**INPUT**
[Start of section]

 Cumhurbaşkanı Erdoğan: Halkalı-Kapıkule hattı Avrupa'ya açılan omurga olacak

[End of section]
[Start of section]

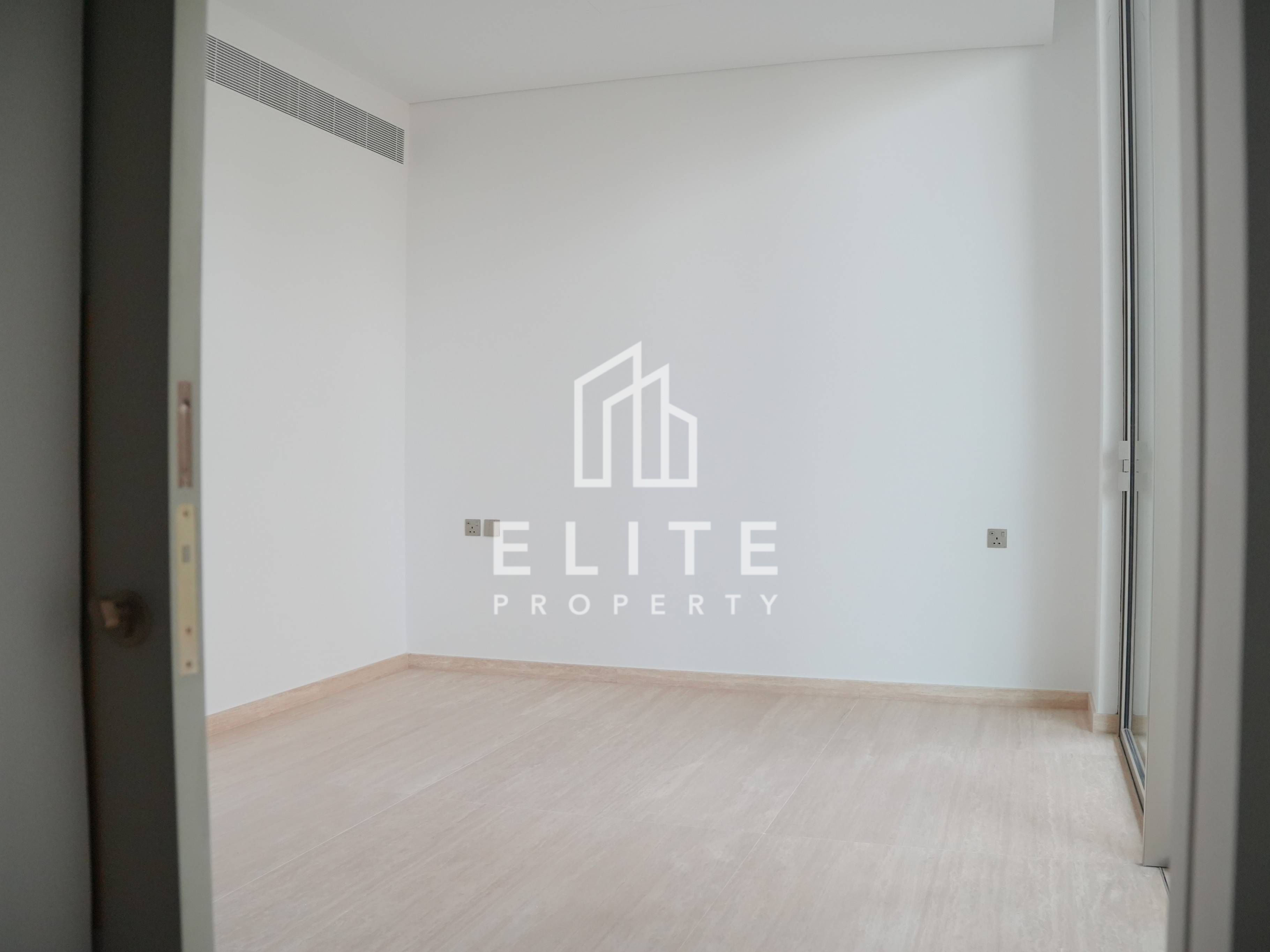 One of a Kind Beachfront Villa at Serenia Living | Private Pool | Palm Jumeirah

[End of section]
[Start of section]

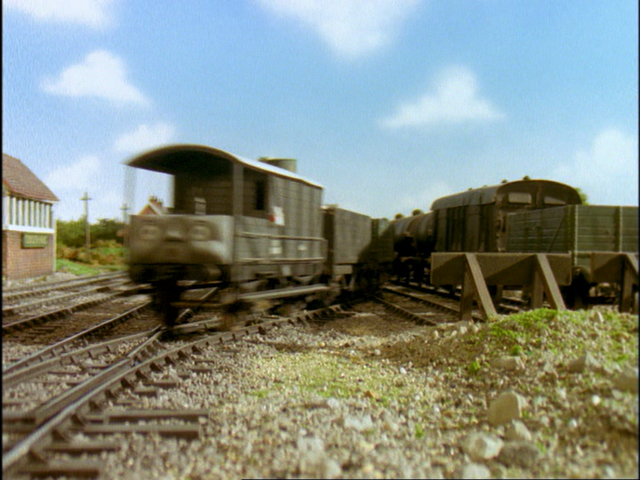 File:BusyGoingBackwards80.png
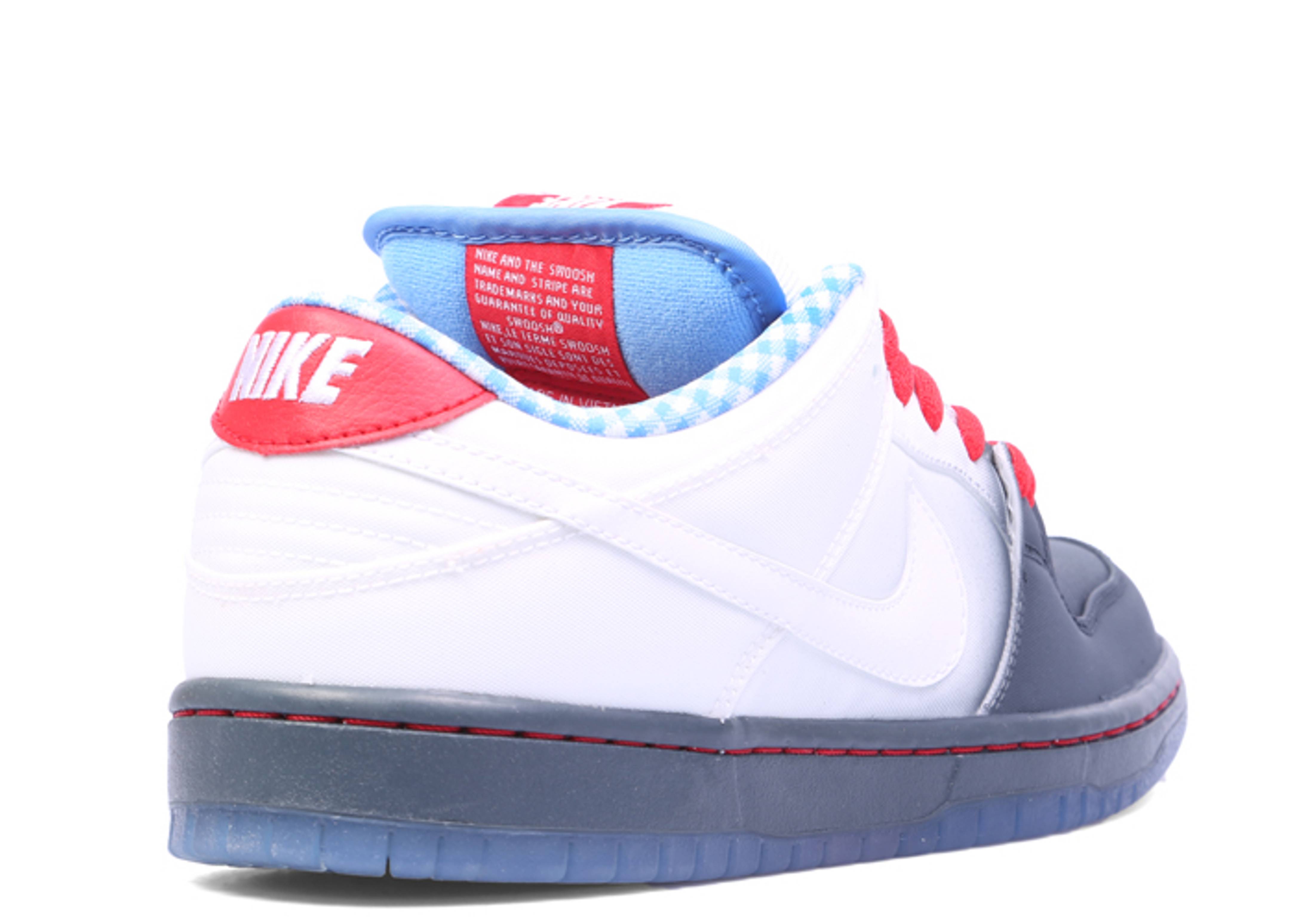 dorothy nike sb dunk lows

[End of section]

**PROBLEM STATEMENT**
From the line holding "File:BusyGoingBackwards80.png" to the line holding "dorothy nike sb dunk lows", both included, retype the entries above exactly and drop the pictures.

**RESULT FOR THIS EXERCISE**
 File:BusyGoingBackwards80.png
 dorothy nike sb dunk lows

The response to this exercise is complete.